## MATERIAL FOR THE TASK
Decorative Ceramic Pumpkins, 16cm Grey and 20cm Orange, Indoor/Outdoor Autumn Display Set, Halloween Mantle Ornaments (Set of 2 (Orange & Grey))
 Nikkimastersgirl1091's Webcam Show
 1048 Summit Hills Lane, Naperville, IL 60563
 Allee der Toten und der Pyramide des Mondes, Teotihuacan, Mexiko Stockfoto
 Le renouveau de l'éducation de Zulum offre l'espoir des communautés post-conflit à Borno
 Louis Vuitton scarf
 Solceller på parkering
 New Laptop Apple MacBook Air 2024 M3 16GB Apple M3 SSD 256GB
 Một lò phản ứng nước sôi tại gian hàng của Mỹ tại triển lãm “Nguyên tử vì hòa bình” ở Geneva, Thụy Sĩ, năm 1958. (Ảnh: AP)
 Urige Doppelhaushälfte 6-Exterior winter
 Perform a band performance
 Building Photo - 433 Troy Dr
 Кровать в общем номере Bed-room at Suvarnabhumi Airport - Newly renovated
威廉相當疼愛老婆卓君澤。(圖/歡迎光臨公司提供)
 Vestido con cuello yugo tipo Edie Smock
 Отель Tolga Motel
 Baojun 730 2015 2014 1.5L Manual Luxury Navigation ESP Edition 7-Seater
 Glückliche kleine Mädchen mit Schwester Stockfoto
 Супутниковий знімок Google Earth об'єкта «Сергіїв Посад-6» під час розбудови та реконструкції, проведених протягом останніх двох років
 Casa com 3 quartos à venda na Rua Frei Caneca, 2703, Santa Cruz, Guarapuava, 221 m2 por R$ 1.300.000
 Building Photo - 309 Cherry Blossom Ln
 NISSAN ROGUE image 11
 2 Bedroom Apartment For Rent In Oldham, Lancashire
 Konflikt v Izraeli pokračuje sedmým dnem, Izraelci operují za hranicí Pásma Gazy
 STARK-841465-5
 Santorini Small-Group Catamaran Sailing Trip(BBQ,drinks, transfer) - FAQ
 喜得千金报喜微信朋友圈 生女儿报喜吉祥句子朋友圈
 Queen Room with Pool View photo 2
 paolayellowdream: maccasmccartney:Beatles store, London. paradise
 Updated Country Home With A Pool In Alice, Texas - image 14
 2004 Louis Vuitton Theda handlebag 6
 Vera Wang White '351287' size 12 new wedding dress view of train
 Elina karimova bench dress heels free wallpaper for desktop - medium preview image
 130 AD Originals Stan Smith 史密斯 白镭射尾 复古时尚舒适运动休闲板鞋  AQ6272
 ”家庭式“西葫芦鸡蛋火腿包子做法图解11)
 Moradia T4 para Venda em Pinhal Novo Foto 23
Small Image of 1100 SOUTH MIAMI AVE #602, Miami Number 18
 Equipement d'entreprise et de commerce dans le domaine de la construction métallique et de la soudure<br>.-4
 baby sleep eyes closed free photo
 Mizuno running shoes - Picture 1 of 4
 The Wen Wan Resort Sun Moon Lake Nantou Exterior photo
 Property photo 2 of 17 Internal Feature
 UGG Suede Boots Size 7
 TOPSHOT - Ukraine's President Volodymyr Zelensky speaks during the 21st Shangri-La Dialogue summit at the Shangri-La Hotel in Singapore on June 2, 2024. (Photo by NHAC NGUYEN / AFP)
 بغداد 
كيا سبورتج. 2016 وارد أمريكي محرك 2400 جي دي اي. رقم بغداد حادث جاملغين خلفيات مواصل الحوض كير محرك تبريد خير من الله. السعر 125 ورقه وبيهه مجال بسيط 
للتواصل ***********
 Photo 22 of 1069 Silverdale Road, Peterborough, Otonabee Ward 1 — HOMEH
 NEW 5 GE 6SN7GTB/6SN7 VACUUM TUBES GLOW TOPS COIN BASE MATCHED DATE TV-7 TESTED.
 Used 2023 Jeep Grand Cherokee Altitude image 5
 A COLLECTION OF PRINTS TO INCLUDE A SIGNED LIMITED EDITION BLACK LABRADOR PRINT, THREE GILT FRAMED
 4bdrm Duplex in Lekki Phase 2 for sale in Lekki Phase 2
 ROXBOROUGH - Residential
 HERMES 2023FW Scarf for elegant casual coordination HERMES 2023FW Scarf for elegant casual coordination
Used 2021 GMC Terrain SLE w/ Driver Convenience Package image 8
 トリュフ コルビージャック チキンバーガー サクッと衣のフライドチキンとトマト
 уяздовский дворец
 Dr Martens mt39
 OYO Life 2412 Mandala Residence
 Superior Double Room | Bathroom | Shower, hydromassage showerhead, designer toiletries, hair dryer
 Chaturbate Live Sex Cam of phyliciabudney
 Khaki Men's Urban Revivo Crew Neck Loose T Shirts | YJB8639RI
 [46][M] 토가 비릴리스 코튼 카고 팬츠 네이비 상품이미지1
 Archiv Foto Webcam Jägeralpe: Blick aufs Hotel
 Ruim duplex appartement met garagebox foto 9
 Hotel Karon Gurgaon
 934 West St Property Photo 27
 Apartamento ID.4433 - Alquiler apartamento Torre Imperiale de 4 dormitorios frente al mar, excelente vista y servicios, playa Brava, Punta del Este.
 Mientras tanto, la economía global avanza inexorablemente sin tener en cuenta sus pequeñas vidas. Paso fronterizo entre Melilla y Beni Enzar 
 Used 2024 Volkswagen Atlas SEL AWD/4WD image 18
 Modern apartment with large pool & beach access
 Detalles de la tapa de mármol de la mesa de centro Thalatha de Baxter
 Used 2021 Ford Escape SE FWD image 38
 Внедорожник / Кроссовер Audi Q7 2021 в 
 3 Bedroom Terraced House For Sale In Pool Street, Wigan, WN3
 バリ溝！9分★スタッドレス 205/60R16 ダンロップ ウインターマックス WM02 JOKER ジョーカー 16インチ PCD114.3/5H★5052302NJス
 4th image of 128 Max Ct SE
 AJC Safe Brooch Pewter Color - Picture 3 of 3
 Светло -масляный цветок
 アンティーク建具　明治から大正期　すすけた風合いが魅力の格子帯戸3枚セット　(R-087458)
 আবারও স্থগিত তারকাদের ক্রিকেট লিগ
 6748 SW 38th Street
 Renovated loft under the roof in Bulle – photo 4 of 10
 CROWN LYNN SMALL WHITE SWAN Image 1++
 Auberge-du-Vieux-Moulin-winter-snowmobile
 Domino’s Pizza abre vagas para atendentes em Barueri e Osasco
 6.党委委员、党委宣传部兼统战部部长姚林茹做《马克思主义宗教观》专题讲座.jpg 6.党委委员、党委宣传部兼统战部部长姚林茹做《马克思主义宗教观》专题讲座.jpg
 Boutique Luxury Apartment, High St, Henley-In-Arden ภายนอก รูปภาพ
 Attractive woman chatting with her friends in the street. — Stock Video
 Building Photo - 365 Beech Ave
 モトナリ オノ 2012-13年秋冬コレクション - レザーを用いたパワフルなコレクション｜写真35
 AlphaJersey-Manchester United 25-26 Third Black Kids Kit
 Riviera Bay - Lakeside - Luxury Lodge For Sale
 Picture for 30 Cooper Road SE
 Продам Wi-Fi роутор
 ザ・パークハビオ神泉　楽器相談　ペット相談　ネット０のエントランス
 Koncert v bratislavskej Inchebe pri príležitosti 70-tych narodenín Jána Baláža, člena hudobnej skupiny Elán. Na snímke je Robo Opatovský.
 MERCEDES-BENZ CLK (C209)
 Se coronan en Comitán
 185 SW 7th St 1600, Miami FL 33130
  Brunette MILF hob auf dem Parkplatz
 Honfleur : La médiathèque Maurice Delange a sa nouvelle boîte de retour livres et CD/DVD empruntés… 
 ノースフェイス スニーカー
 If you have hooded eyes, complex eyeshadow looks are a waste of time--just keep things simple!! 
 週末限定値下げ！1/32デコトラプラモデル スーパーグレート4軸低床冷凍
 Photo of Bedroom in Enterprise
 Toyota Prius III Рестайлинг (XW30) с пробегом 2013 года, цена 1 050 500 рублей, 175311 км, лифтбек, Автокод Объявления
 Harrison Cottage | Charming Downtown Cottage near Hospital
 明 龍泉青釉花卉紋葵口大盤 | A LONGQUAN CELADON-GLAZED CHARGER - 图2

## WHAT IS BEING ASKED
Look above for the line with "Mientras tanto, la" and the line with "CROWN LYNN SMALL WHITE SWAN Image 1++". Write out those two lines and all the lines between them, exactly, and no others.

## EXPECTED OUTPUT
 Mientras tanto, la economía global avanza inexorablemente sin tener en cuenta sus pequeñas vidas. Paso fronterizo entre Melilla y Beni Enzar 
 Used 2024 Volkswagen Atlas SEL AWD/4WD image 18
 Modern apartment with large pool & beach access
 Detalles de la tapa de mármol de la mesa de centro Thalatha de Baxter
 Used 2021 Ford Escape SE FWD image 38
 Внедорожник / Кроссовер Audi Q7 2021 в 
 3 Bedroom Terraced House For Sale In Pool Street, Wigan, WN3
 バリ溝！9分★スタッドレス 205/60R16 ダンロップ ウインターマックス WM02 JOKER ジョーカー 16インチ PCD114.3/5H★5052302NJス
 4th image of 128 Max Ct SE
 AJC Safe Brooch Pewter Color - Picture 3 of 3
 Светло -масляный цветок
 アンティーク建具　明治から大正期　すすけた風合いが魅力の格子帯戸3枚セット　(R-087458)
 আবারও স্থগিত তারকাদের ক্রিকেট লিগ
 6748 SW 38th Street
 Renovated loft under the roof in Bulle – photo 4 of 10
 CROWN LYNN SMALL WHITE SWAN Image 1++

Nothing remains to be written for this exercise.